最安値ということで選んでいくと、どこかでシンガポールのタイガーエアウエイズが絡んでくる気がした。しかしシンガポールークアラルンプール間は、航空券代は14シンガポールドルなのだが、荷物代が18シンガポールドルもした。
合計で7区間乗ったわけだが、運航スケジュールの遅れはまったくなかった。LCCの遅延には、これまで何回か痛い目に遭ってきた。最近のアジアのLCCは、そんな不満が耳に届いているのか、定時運航にかなり神経を使っているようだ。
今回のルートは、クアラルンプールのLCC専用ターミナルであるLCCTで2回乗り換えることになる。予約するとき、少し悩んだ。とくにクアラルンプールーバンコク間は便数が多く、選択肢が広い。安全策をとって、5時間ほどの乗り換え時間を確保したが、どの便も定時運航で、時間が余ってしまった。

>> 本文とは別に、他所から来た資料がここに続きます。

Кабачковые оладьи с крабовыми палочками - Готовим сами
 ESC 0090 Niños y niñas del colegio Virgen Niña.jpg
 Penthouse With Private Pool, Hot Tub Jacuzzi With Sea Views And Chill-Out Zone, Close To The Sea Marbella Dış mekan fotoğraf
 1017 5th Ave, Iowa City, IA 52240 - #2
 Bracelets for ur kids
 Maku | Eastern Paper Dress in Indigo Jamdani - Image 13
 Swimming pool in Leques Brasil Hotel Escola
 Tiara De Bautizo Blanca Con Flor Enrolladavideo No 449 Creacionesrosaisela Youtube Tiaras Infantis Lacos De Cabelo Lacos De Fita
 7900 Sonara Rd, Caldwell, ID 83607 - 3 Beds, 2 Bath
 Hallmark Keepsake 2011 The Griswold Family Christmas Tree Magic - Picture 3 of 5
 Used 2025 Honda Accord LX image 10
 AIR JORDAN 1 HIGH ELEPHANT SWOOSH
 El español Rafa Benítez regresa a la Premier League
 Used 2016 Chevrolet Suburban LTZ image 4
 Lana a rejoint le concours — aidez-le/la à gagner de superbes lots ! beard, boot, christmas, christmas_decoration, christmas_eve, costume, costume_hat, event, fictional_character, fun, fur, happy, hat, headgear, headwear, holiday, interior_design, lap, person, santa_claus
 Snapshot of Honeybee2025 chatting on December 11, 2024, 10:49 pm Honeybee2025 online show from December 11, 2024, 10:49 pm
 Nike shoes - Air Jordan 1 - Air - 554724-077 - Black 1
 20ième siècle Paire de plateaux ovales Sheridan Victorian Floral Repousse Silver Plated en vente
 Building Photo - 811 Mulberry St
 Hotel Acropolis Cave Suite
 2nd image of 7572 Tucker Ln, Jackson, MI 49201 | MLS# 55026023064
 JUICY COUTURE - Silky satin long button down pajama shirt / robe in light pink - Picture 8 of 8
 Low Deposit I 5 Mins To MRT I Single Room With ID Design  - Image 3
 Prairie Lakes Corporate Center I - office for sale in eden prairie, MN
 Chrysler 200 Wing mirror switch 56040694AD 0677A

LCCTは相変わらずざわついたターミナルで、時間を潰すのには苦労する。
エアアジアはバンコクのドーンムアン空港を利用する。これまで空港から市内までは、路線バスかタクシーしか手段がなかった。しかしエアポートバスの運行がやっとはじまった。
ドーンムアン空港とBTSモーチット駅を結ぶもので、運賃は30バーツ、約90円。すぐに高速道路に乗り、ノンストップ。15分ほどで着いてしまう。
これは使える。路線バスは渋滞にかかると1時間ぐらいかかる。タクシー運賃は100バーツほどだが、空港タクシーを使うと200バーツを超える。空港タクシーのサービス代と高速料金がかかるからだ。
ドーンムアン空港と市内の移動が、ようやく楽になった。